──────── Material for this task ────────

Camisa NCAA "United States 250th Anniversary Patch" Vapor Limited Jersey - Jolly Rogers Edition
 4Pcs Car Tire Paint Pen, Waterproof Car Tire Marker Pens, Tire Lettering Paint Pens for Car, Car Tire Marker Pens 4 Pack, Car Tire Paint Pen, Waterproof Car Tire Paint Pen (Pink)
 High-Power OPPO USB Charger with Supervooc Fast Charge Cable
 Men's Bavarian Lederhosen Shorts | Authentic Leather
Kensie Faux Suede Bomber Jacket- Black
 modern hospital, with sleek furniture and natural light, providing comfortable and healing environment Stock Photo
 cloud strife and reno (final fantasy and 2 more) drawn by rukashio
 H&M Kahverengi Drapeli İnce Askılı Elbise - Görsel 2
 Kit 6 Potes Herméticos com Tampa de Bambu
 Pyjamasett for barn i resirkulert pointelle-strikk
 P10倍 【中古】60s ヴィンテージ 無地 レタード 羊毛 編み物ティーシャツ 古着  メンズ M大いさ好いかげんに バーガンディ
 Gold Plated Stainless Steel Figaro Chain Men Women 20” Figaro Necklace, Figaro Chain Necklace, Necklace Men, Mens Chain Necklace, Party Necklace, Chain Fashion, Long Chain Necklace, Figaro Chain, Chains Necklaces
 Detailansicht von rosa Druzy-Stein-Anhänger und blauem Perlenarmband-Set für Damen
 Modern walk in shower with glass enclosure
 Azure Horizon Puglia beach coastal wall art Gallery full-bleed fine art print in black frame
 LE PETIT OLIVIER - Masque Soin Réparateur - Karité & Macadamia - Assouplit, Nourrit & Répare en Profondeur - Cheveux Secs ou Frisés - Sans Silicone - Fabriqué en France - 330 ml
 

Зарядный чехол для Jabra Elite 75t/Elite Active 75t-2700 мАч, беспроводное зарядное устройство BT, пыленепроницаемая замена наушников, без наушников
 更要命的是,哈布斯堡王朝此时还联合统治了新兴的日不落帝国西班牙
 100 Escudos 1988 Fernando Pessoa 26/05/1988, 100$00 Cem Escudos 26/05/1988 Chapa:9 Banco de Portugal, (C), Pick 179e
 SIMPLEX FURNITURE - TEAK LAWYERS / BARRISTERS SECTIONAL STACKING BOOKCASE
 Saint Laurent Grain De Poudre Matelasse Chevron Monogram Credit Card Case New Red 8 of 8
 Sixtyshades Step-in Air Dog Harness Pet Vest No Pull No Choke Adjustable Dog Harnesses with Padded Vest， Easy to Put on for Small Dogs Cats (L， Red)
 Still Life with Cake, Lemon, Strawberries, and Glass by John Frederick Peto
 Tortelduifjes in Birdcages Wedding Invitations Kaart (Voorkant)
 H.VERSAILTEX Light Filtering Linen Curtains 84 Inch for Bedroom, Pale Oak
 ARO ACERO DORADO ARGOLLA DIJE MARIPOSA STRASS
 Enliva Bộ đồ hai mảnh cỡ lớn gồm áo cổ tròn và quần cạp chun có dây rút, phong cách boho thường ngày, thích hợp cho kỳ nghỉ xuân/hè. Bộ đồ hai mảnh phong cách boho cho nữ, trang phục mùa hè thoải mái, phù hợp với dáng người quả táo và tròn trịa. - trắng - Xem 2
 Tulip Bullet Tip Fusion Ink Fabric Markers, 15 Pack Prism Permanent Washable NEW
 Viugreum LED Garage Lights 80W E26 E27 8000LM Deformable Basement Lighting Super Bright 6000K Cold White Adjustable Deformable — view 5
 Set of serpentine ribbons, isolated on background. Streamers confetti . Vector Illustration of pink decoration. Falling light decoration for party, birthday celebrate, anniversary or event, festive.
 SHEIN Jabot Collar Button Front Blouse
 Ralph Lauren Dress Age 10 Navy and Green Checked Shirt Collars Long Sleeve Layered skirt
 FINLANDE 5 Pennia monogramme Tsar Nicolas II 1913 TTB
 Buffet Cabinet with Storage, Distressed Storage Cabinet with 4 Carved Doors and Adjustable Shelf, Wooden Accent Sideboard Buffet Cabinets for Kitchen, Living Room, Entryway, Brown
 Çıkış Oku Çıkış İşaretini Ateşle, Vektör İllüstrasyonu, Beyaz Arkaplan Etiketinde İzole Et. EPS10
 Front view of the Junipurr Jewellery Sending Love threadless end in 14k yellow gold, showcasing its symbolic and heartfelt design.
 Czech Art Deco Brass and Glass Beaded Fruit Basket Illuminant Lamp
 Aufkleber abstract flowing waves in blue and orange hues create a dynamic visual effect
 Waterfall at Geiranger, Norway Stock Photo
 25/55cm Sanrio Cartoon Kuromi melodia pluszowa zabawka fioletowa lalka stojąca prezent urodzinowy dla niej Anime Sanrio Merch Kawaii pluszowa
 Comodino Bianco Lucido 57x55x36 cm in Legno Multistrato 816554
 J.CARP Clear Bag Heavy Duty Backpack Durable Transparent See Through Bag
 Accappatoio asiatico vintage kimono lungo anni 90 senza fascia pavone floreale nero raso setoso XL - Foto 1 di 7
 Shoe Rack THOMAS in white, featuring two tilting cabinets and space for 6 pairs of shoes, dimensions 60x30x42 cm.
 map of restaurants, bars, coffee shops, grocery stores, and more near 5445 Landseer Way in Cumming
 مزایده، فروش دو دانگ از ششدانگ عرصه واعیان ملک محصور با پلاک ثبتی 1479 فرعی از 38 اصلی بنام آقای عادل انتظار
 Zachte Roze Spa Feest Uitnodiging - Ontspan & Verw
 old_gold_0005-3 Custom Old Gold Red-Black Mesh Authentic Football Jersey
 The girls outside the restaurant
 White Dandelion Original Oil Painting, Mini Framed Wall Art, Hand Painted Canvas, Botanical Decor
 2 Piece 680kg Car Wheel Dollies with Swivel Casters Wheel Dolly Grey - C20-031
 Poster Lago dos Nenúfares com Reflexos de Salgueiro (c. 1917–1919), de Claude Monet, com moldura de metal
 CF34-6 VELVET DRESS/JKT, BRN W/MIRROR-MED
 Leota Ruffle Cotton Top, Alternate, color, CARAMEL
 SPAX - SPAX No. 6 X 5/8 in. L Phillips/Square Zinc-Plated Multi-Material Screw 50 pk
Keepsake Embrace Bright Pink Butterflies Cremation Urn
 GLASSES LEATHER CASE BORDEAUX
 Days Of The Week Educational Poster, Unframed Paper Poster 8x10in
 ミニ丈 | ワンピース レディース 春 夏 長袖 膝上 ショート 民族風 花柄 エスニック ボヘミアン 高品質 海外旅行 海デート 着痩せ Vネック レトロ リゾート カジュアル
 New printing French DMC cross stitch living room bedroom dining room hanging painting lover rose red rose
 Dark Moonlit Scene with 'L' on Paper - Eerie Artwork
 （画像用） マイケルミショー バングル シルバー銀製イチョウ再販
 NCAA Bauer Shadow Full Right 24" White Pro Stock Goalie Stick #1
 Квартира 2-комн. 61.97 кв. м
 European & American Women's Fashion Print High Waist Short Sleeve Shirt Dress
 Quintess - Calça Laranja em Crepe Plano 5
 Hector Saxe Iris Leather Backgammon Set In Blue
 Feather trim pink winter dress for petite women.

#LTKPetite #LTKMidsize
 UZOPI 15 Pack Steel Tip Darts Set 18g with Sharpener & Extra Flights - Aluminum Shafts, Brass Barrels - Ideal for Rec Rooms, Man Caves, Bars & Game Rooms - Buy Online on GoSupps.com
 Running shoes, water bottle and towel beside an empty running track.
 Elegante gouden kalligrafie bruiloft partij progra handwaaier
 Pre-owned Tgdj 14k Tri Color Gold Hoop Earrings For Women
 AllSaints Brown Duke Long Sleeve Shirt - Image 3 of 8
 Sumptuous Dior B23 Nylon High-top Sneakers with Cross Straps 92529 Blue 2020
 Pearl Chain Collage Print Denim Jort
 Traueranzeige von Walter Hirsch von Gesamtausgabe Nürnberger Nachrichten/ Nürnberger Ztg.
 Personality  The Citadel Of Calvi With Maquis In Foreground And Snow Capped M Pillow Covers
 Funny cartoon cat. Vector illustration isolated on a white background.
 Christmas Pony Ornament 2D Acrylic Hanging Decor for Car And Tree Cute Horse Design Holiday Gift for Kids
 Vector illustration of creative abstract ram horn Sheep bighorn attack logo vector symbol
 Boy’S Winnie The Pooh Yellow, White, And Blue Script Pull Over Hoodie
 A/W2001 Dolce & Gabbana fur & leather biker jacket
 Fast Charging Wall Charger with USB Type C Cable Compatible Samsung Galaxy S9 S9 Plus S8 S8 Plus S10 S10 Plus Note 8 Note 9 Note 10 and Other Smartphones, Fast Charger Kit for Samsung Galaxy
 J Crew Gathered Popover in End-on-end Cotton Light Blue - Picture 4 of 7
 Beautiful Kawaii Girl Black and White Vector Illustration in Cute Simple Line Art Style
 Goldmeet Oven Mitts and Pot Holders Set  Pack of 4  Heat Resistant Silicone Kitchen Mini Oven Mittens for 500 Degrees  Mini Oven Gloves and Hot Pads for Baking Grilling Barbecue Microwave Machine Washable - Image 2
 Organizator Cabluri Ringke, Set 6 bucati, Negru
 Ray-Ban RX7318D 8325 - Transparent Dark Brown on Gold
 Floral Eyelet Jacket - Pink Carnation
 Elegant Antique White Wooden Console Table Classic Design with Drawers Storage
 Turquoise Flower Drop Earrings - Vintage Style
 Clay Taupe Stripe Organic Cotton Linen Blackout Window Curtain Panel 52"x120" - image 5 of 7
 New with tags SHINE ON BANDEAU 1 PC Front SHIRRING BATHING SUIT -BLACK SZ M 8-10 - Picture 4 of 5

────────

• **Try it**
Take the lines above from the one containing "Czech Art Deco" to the one containing "Shoe Rack THOMAS" and retype them exactly, both ends included, with nothing added.

• **Response**
 Czech Art Deco Brass and Glass Beaded Fruit Basket Illuminant Lamp
 Aufkleber abstract flowing waves in blue and orange hues create a dynamic visual effect
 Waterfall at Geiranger, Norway Stock Photo
 25/55cm Sanrio Cartoon Kuromi melodia pluszowa zabawka fioletowa lalka stojąca prezent urodzinowy dla niej Anime Sanrio Merch Kawaii pluszowa
 Comodino Bianco Lucido 57x55x36 cm in Legno Multistrato 816554
 J.CARP Clear Bag Heavy Duty Backpack Durable Transparent See Through Bag
 Accappatoio asiatico vintage kimono lungo anni 90 senza fascia pavone floreale nero raso setoso XL - Foto 1 di 7
 Shoe Rack THOMAS in white, featuring two tilting cabinets and space for 6 pairs of shoes, dimensions 60x30x42 cm.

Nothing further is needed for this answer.